The theoretical limit on the number of parameters that can be identified for an LDSf model is *Tp* − 1 where *T* is the number of time points and *p* is the number of regions while the number of parameters to be identified scales as *s*(2*p*^{2} + *pv*) + (*h* + 1)*p* where *s* is the number of regimes, *v* the number of inputs and *h* the leading dimension of the hemodynamic basis. Thus the minimum number of scans to identify a model is *s*(2*p* + *v*) + *h* + 1. The practical limit is certainly much lower. Assuming 400 time points in a run (TR = 1.5 for 10 min), no inputs, and a requirement of 10 times the minimum number of data points necessary, 18 regions can be reasonably included in a model with a single condition, 9 in a model with two conditions, 6 in a model with three and so on. However, multiple runs of the same task in the same subject can be easily combined to increase the observations and thus the number of regions in the model; doubling the number of runs roughly doubles the number of regions that can be modeled.

The LDSf model is quite similar form and intent to DCM (Friston et al., 2003). Both estimate the states of an unobserved quasi-neural signal from a small number of regions based on an explicit forward model of the hemodynamic response. The forward model of DCM is non-linear and biophysically based while the forward model of LDSf is linear and pragmatically based (see Friston et al., 2000; Riera et al., 2004; Valdes-Sosa et al., 2011). However, any non-linearity in the hemodynamic response is negligible for block designs or event related designs with inter-trial intervals greater than approximately 3 s. Thus the two forward models can be expected to yield nearly identical hemodynamic responses in these cases. The DCM state equations are formulated in continuous (i.e., using derivatives) rather than discrete (i.e., using differences) time as used in the LDSf model. However, a direct relation between the continuous time and discrete time transition matrices exists via the matrix exponential and matrix logarithm^{4}. Furthermore, assuming the sampling rate is fixed and constant as is the case in fMRI, estimating a discrete time model and converting it to continuous time will produce an essentially equivalent model to estimating the continuous model directly (Ljung and Willis, 2010).

There are significant differences between LDSf and DCM. DCM was originally intended as a hypothesis driven method while LDSf can be used in a more exploratory manner (Smith et al., 2010; Stephan et al., 2010; Friston et al., 2011).

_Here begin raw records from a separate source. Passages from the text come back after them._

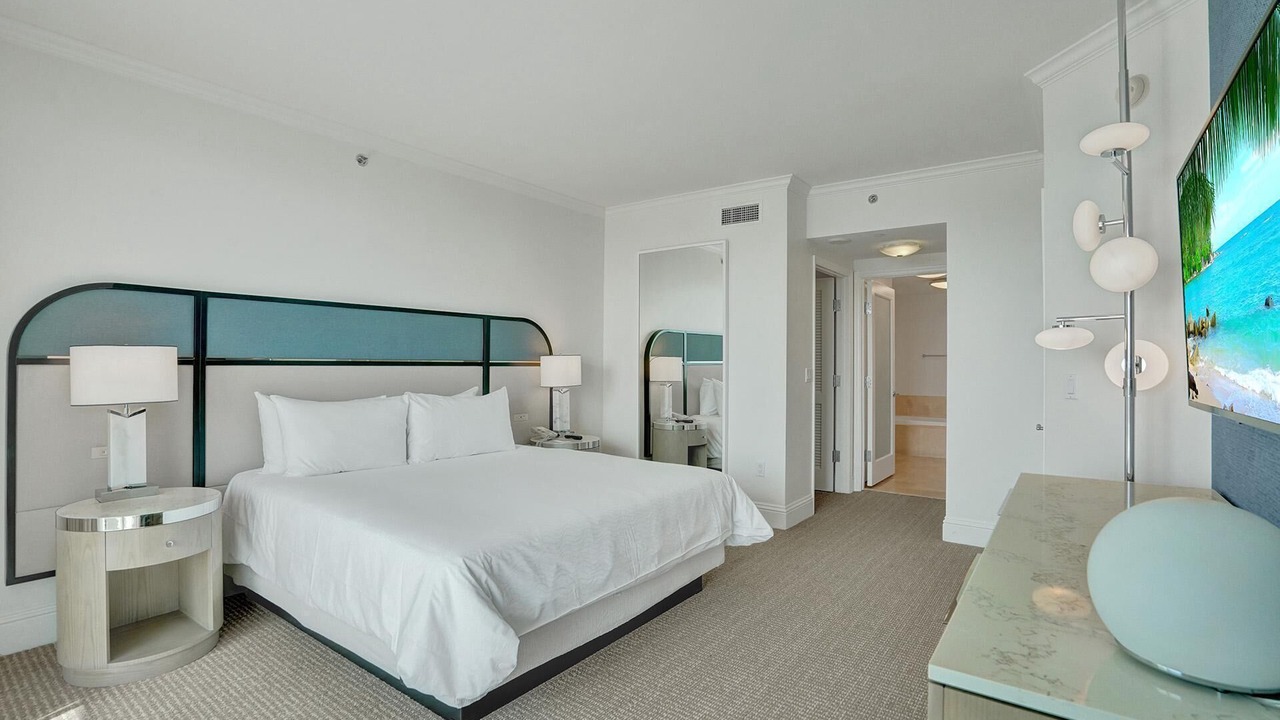 Photo of Bedroom in Mid Beach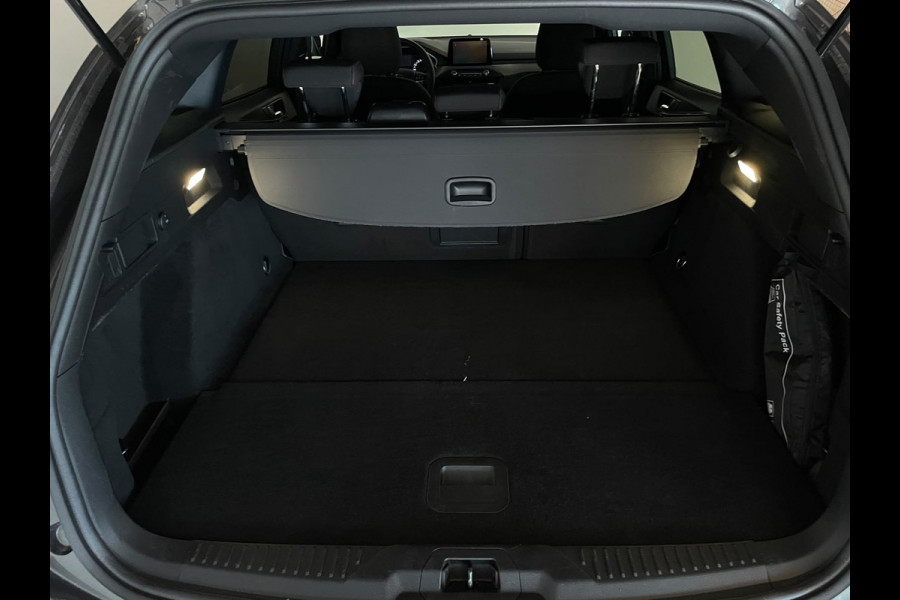 Ford FOCUS Wagon 1.0 EcoBoost Hybrid ST Line Style NW MODEL STUUR EN STOEL VERWARMING TREKHAAK CLIMA CRUISE APPLE CARPLAY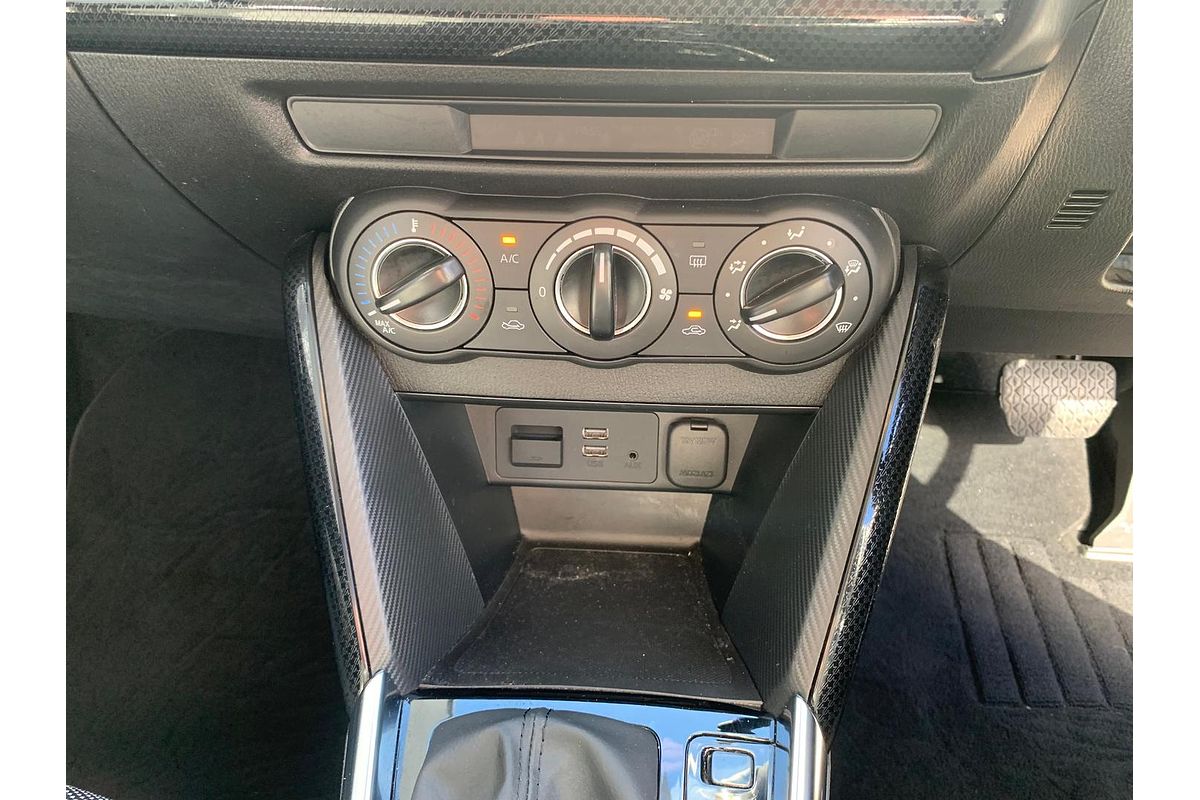 2017 Mazda 2 Maxx DL Series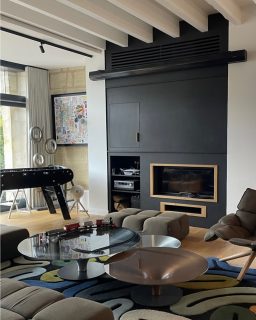 l projet Gambetta I 
Habillage du poêle à bois du salon avec @finsafrance (M1) et du chêne massif issu de la deconstruction d’une charpente. 
#agencement #travaildubois #poeleabois #upcycling  #salon #architectureinterieure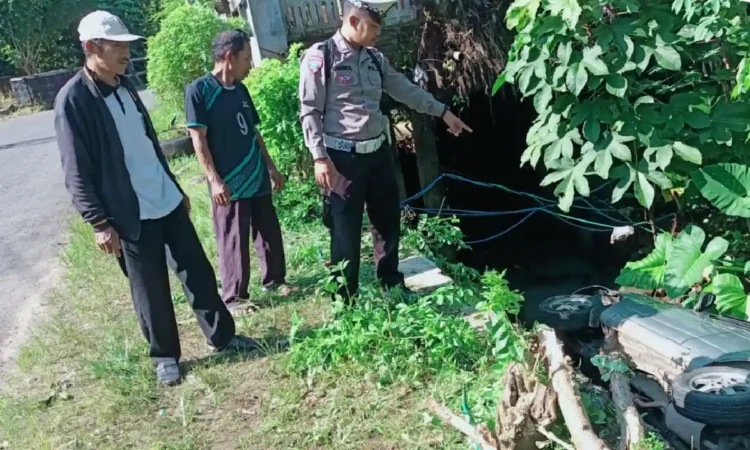 Sopir Ngantuk, Mobil di Trenggalek Terjun ke Sungai Sedalam 3 meter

Because the LDSf model is linear in both state and output space, identifying parameters of the LDSf model can be more efficient than in DCM and a larger number of regions can be included in the model. The most important difference however is that the LDSf model is stochastic while DCM is deterministic. We examine this difference as the first issue.

## Issue One: Stochastic Versus Determinism

The first issue concerns the choice of deterministic or stochastic models for use in identifying connectivity. Essentially this is the question of which effective connectivity model to use in an analysis. While often answered based on popularity alone, the choice of deterministic versus stochastic model determines the sources within the fMRI signal that are assumed to reflect connectivity. Functional connectivity has typically been associated with inter-regional relations among data variability (Horwitz et al., 2005). In early PET studies, the variability was related to coherent changes across subjects (Moeller and Strother, 1991; Horwitz et al., 1992; Alexander and Moeller, 1994). If the observed signal values of a set of regions maintained a consistent relationship across subjects, they were identified as functionally connected. This notion of connectivity was also used in early effective connectivity studies (McIntosh and Gonzalez-Lima, 1992). In fMRI data, the variability is across time from trial-to-trial or moment-to-moment. Early effective connectivity methods applied to fMRI such as PPI and SEM considered the residual variability between regions after main effects of task were removed (Horwitz et al., 2005). This trial-to-trial and moment-to-moment variability in fMRI is known to reflect coherent signals relevant to human perception and performance (Wagner et al., 1998; Pessoa et al., 2002; Ress and Heeger, 2003; Pessoa and Padmala, 2005; Fox et al., 2006).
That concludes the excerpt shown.